My question is whether or not one can conclude that the photon must have been traveling on the path which correlates to the activated detector throughout the entirety of the travel. My intuition and my idea (not expert) of how quantum objects behave are at odds. On one hand, my intuition believes that if an object is detected at the end of a given path, it must have traveled in that path in its entirety. On the other hand, I have been led to believe that the exact position of a quantum object in superposition cannot be described as a singular location, path, etc. Does the after-the-fact detection of a quantum object along a specific path prove that the quantum was traveling that path the whole time?
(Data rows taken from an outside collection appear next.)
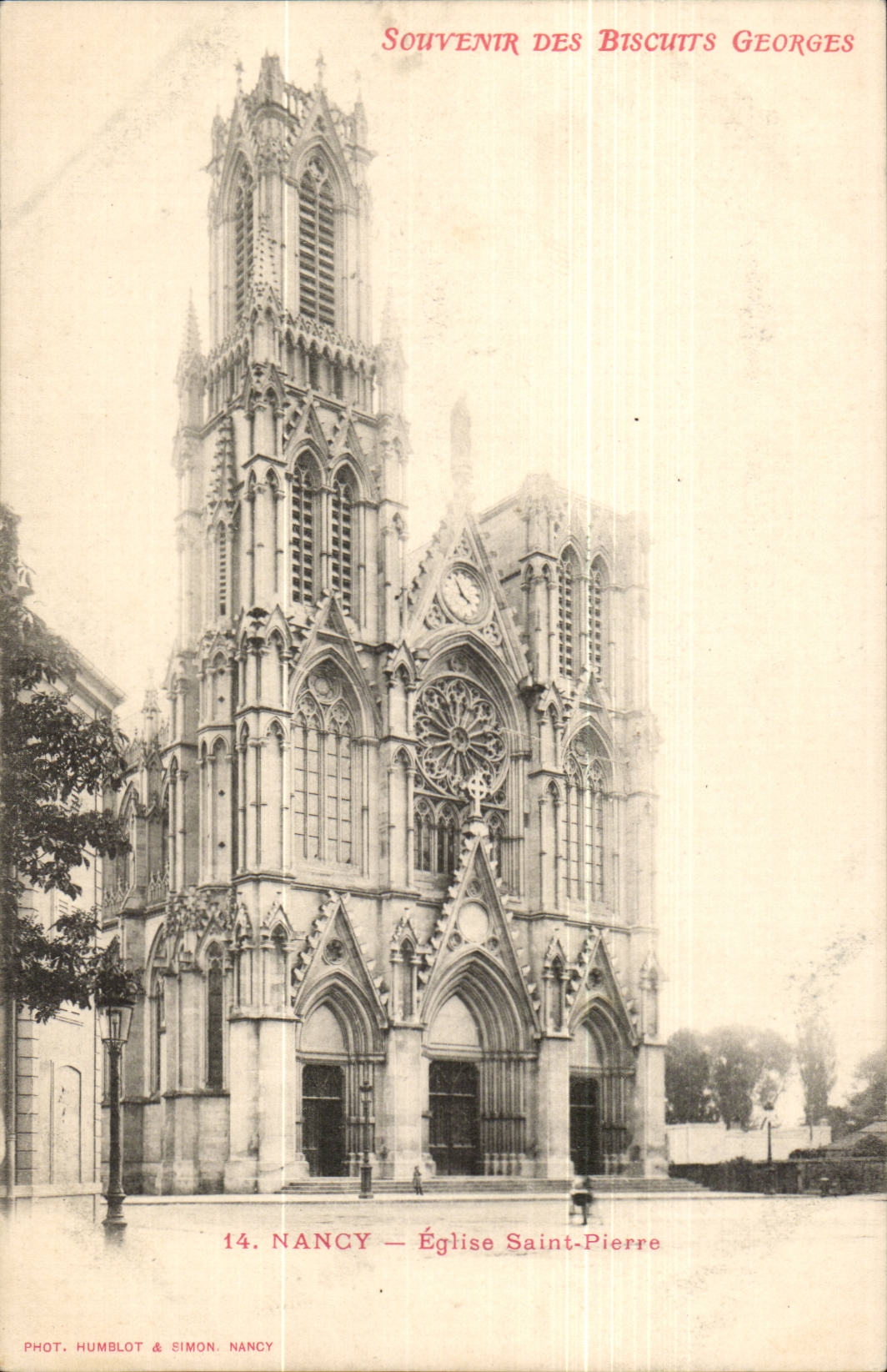 Nancy CPA Eglise Saint Pierre + publicite Souvenir des Biscuits Georges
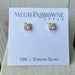 These Gold Princess Studs earrings are a beautiful and classic addition to any wardrobe. Crafted from 18K sterling silver, each earring features a square crystal surrounded in a halo of gold to make an eye-catching statement.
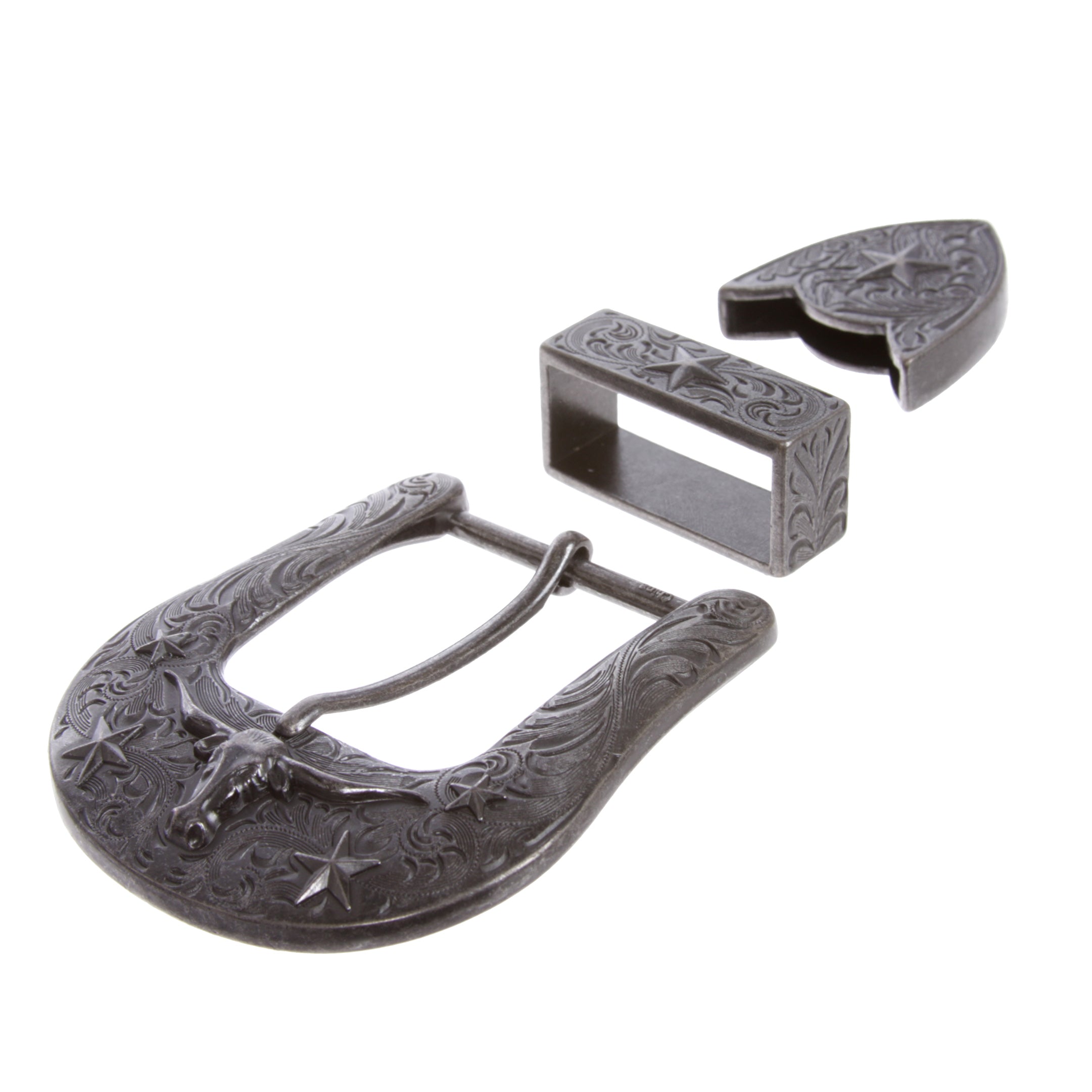 1-1/2" Engraved Western Cowboy Longhorn & Star Belt Buckle Set for Leather Craft - OnlineBelts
If so, does it also prove that the quantum traveled that path exclusively?
 A: The classic experiment for discussing this issue is the Mach-Zehnder interferometer. A source of photons is passed through a beamsplitter, bounced off two mirrors, and combined again using another beamsplitter device. There are two paths photons might emerge on, and detectors are set up on both. If the path lengths are adjusted to match to an accuracy of the wavelength of the light, interference causes all the photons to emerge on one path and none on the other. Even if we reduce the light intensity so that only one photon is in the instrument at a time (so we need a photomultiplier to detect it).
The photons have to be travelling down both paths simultaneously, or the two path lengths couldn't affect the output. We can see this more clearly if we block one of the paths. Now half the photons hit the obstruction, and the other half, travelling down the other arm, see no interference at the beamsplitter and so are split both ways. The detector that previously was seeing none of the photons is now seeing lots.
Every photon this detector sees must have come down the unobstructed path. But the obstruction on the path it didn't travel down is somehow having an effect, causing these photons to be detected where there were previously none. Something must be travelling down both paths, to know what's there, even though only one photon is detected at a time, at only one of the detectors.
We can detect the obstruction with photons that could never have gone anywhere near it. The double-slit experiment has the same implication, although is a bit more subtle. In this case, the obstructed path can be miles away from the path of the photons we see, so it's a bit more obvious that something unintuitive is going on.

A: There is a famous experiment similar to yours that makes it easier to draw conclusions: the double-slit experiment.
In the double-slit experiment, one is similarly tempted to conclude that the particle is going through a single slit at a time. Nevertheless, we get interference effects, which means we must consider that the particle has traveled through both slits and had its state collapse only at the moment of detection.